The work of young, turn-of-the-century London County Council architects, nurtured by the writings and lectures of John Ruskin and William Morris was (and remains) as elegant as it was when built. What these young Turks designed were (in the case of at least one estate in west London) palaces for the people. The Modern Movement, which arrived in Britain from Europe late, watered down and carrying a tiny stick, took several of its radical tenets from the idealism of those young LCC architects. Their work had been much admired on the continent, and in particular by those, like Walter Gropius (founder of the Bauhaus, the engine-house of the early Modern Movement) for whom the new look was not reserved for a fashionable elite, but in the service of everyone. Some of the first and best buildings spawned by the Bauhaus were a celebration of beautiful white houses designed for Berlin workers.

As we in Britain approach the turn of the century, we see vast sums of lottery money being doled out to arts projects of every sort. While this is more or less a good thing, the whole question of housing and how we might live as a nation has been swept aside. Who cares for the homeless, the poor or those living in shabby housing in deregulated EuroBritain plc, a country where everything we hold in common (every building that matters, starting with the Royal Naval College, Greenwich) can be flogged off to help build up the pension funds of inept management.

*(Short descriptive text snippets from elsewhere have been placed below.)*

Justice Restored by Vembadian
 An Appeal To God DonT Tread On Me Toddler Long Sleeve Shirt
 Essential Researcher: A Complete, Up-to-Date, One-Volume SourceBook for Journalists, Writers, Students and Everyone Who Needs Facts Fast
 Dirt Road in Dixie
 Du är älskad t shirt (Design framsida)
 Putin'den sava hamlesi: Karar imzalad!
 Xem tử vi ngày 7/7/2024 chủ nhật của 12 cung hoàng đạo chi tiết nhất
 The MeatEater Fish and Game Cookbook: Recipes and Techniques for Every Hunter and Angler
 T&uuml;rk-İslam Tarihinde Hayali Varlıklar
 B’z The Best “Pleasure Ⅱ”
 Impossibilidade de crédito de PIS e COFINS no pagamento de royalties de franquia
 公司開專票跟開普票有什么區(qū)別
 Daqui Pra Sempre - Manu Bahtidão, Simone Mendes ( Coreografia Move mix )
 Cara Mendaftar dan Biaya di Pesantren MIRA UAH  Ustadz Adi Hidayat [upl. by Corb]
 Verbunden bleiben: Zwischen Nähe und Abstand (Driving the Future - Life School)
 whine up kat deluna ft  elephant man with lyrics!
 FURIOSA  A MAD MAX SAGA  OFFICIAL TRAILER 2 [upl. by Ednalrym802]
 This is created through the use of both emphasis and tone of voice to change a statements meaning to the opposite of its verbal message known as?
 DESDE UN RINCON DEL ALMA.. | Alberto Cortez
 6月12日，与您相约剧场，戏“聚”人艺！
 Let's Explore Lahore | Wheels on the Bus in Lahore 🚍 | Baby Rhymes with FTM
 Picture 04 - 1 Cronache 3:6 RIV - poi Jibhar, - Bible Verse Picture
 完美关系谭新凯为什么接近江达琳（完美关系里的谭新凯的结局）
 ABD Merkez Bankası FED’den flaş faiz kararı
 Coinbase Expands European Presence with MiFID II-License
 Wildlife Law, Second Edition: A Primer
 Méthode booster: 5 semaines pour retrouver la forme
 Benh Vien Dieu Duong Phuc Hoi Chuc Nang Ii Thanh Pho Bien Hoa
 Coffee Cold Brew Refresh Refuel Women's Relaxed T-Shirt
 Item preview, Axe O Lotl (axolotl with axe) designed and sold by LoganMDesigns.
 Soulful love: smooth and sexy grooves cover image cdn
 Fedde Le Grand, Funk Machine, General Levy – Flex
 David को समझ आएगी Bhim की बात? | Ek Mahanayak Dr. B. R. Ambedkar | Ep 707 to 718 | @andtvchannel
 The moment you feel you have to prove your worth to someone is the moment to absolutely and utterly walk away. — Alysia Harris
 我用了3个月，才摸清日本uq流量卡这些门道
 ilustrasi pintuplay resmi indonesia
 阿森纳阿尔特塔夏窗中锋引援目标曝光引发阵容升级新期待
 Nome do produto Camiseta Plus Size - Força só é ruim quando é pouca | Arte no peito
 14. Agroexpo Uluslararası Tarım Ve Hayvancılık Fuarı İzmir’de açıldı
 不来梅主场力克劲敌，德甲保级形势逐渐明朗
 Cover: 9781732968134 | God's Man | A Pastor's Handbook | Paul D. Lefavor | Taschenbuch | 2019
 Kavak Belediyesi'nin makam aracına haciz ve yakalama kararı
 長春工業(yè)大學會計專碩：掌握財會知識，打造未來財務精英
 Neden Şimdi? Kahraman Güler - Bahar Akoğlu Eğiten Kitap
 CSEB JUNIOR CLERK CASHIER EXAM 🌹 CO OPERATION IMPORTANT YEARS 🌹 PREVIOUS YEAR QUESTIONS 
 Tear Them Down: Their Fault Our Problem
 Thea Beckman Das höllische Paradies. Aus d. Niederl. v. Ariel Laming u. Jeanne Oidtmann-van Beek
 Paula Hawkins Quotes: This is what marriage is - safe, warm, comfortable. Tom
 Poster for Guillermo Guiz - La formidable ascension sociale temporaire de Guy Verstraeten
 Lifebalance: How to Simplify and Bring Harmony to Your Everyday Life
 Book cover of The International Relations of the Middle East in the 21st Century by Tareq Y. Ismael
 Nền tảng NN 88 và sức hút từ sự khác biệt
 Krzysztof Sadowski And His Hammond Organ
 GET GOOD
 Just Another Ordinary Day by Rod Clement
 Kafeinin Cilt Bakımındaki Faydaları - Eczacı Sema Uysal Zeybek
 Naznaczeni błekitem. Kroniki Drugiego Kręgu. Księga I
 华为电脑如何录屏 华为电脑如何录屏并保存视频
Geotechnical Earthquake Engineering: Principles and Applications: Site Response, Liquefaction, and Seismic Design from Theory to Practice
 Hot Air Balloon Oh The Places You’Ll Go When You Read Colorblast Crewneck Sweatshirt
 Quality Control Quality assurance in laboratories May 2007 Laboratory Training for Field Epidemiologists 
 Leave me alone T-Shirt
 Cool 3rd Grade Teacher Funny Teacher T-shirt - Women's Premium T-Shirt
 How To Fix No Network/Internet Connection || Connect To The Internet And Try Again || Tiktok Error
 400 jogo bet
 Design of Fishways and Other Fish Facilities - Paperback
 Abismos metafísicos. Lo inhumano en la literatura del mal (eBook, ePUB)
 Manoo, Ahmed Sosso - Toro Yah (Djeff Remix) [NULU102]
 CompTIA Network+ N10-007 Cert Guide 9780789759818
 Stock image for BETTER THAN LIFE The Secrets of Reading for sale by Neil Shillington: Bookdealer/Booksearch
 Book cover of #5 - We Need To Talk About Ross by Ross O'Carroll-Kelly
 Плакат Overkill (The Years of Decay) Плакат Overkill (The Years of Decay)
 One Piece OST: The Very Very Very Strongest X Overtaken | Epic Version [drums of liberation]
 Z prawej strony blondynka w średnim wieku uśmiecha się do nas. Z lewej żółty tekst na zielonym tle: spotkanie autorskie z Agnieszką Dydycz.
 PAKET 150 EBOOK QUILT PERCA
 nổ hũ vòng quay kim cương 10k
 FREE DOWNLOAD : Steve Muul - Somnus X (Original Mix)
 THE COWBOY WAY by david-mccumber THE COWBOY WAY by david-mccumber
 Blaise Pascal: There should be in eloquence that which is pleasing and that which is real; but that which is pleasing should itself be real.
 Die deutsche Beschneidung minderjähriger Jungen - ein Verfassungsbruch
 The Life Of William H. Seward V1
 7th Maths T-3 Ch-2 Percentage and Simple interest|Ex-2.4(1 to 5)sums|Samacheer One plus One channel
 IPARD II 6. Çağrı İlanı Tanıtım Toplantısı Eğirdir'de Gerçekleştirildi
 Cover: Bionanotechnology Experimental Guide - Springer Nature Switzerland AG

Meanwhile, the British landscape is being smothered by tawdry middle- class housing, chosen from homebuilders' catalogues and plonked across the country in a miasma of cul-de-sacs, without so much as a glimpse of architectural intelligence.

What we could do for the millennium, and perhaps what we should do, is to build new homes that are beautiful, modern, sophisticated, intelligent and within reach of those whom we have consigned to the basement and sewers of our national culture. While bright young architects design yet another minimalist playpen for a divorced millionaire housewife or a severe, white gallery to house the fa-las of collectable young artists, they might think of how they might once again reconcile the excitement of what is bright and new (the spirit of Maples, 1967) with a reborn political conscience.

No one is asking New Modern architects to take physical risks (or any risk at all really), yet in adopting the forms of the early Modern Movement and applying them solely to a chic and glamorous world carried on the backs of those, increasingly disenfranchised British "customers" (citizens are a dying breed), who live in trashy housing, our best young architects are in danger of being merely decadent when we should want them to be concerned and creative.